The ATO says it does not intend to extend PCG 2020/5 for another year and will wait to see what changes the government legislates.
Late last month, Treasury released some proposals for amending the non-arm’s length income provisions in relation to expenses of a general nature.
Treasury has proposed that SMSFs would be subject to a factor-based approach wherein the maximum amount of income taxable at the highest marginal rate would be set at five times the level of the general expenditure breach.
Following the release of proposed amendments, calls from industry have emerged for the ATO to extend the transitional relief provided through PCG 2020/5 for general expenses for a further year.
With the amendments unlikely to be legislated ahead of 30 June 2023, the Tax Institute and DBA Lawyer’s director Daniel Butler said an extension to PCG 2020/5 would be appropriate to ensure funds have time to prepare.
Speaking at the SMSF Association National Conference, ATO deputy commissioner, superannuation and employer obligations Emma Rosenzweig was asked whether the ATO would consider extending the transitional relief past 30 June if there isn’t a legislative fix implemented by then.

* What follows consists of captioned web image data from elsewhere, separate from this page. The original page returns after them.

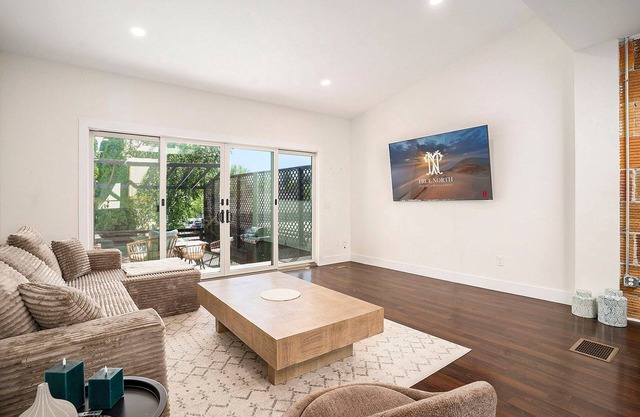 ☀️🌊 NEW: Love Mi Getaway Loft w/Deck on Washington Ave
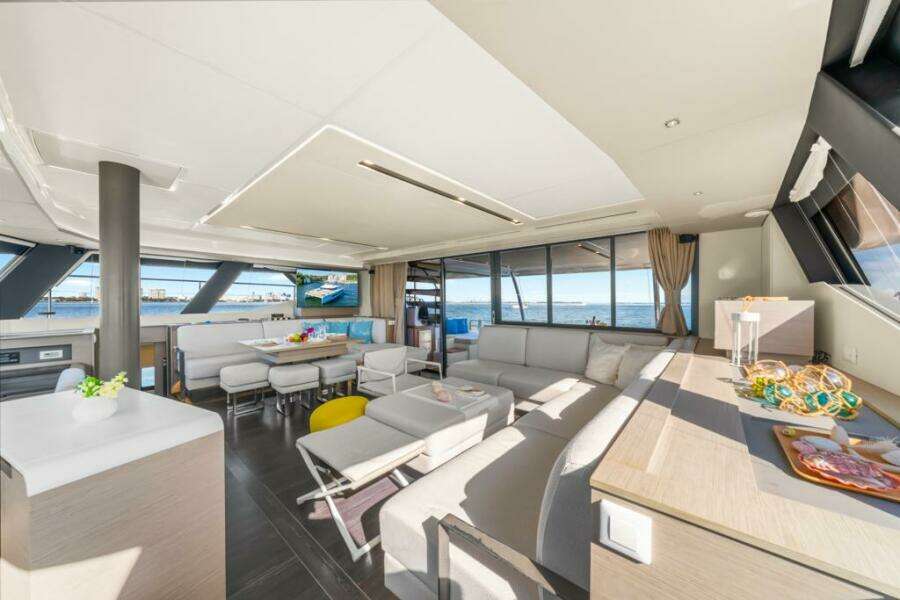 ONENESS 67ft Fountaine Pajot Yacht For Sale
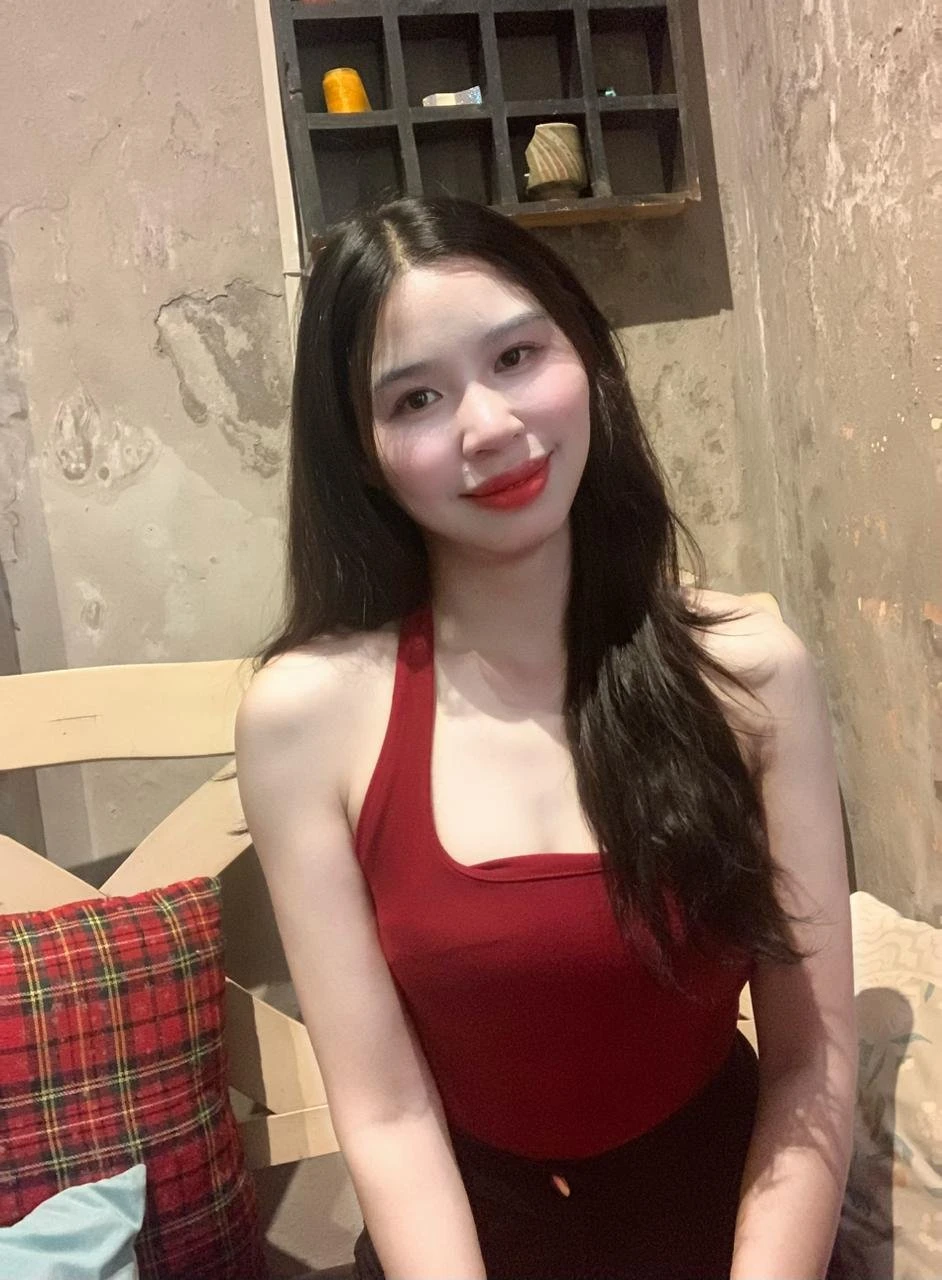 Tina – Vietnamese escort in Pune — 1 / 13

Ms Rosenzweig said the ATO does not intend to extend PCG 2020/5 beyond 30 June this year for SMSFs.
“It’s been in place for a number of years already and the PCG has never been about an interpretation of the law, we’ve always had a clear position on how the law operates.”
“I understand there have been concerns raised and that's what's being consulted on, about whether that's the right policy, but it is what the law currently says.”

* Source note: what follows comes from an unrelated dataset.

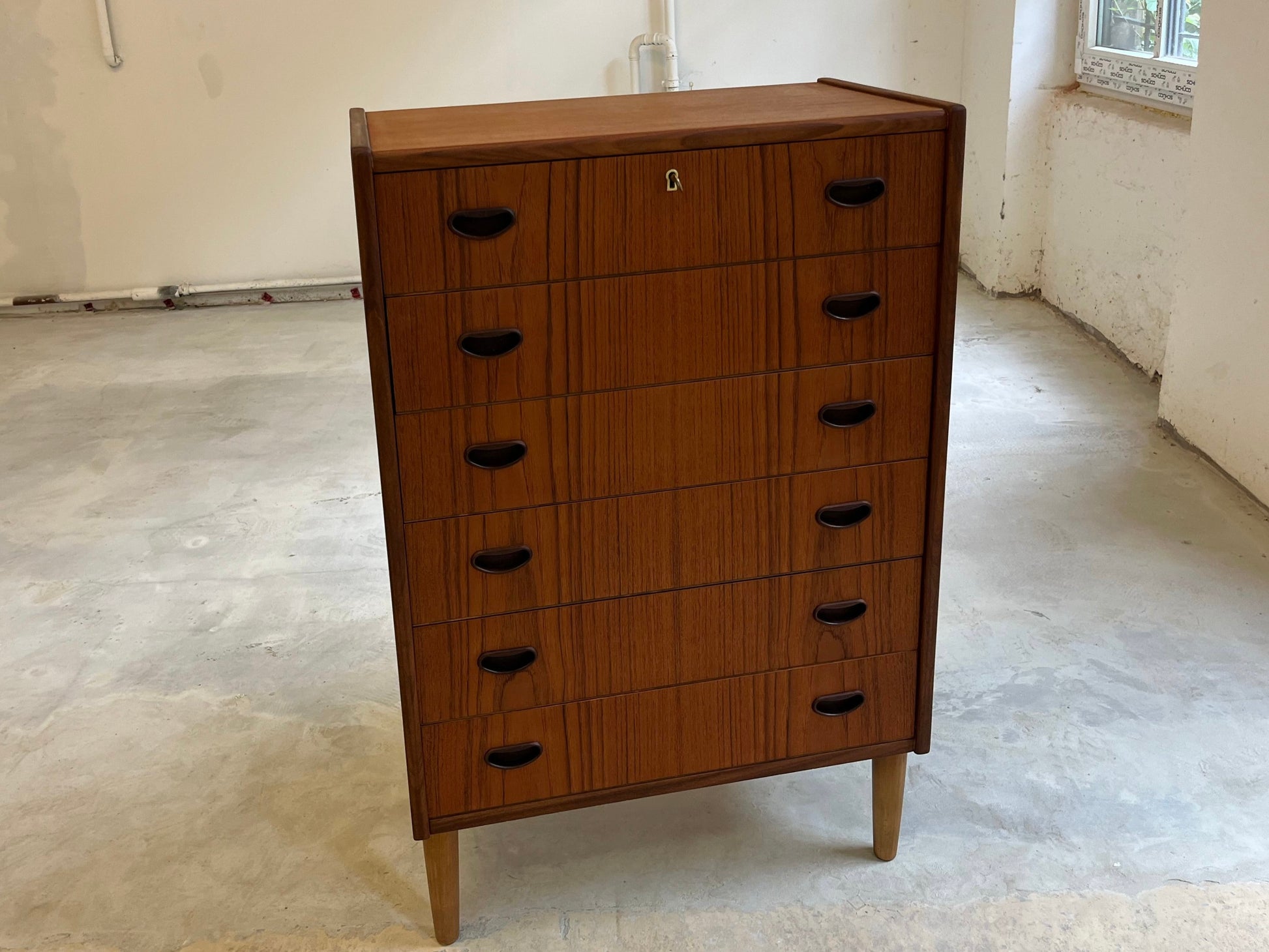 Kommode Teak mit Schloss aus Dänemark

Ms Rosenzweig said trustees have had a number of years to understand what the rules are and how they should be applied.
“So, we’re not intending to extend it.”
Industry has already raised a number of concerns about the proposed amendments to the non-arm’s length income provisions, with some professionals fearing it will do nothing to alleviate red tape.

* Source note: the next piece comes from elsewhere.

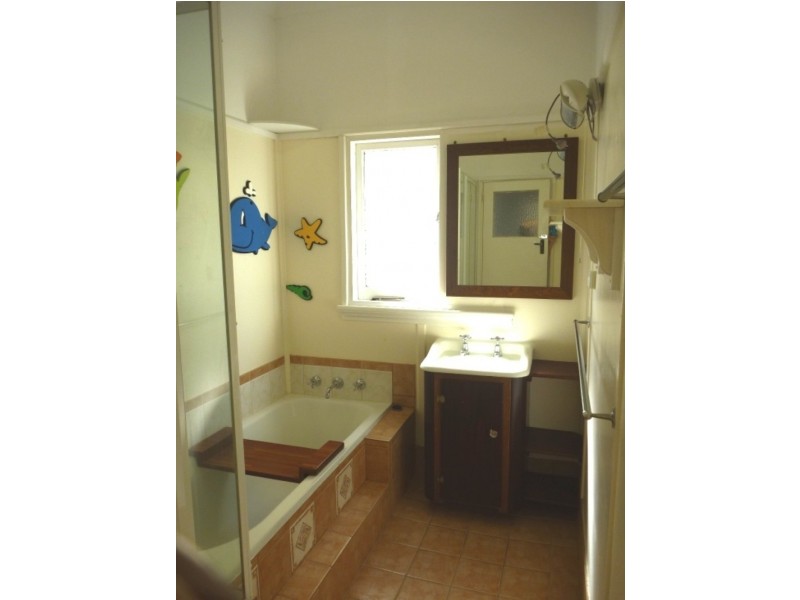 5 Bourke St, Mount Melville WA 6330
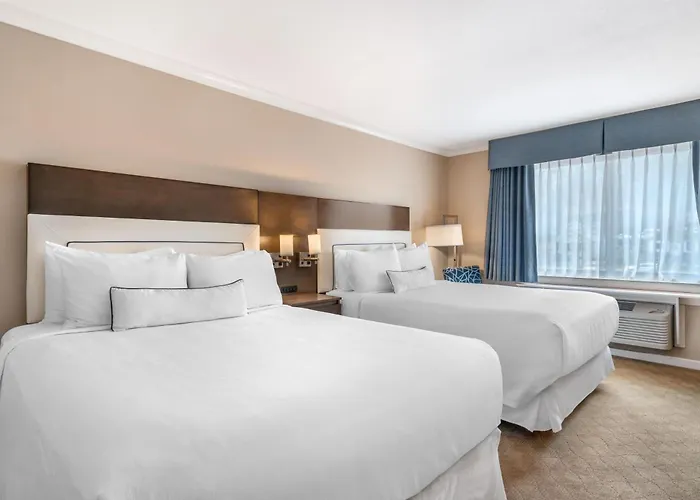 Best Western Plus Columbia River Hotel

Industry associations have highlighted that the proposed measures would effectively create a tax rate of 225 per cent to any discount on a non-arm’s length expense, even where it’s a relatively minor breach.
The SMSF Association also expressed concerns about the application of a different tax treatment for SMSFs versus APRA-regulated super funds.
“It is also our position that tax neutrality across the superannuation industry should be maintained,” said SMSF Association deputy chief executive Peter Burgess previously.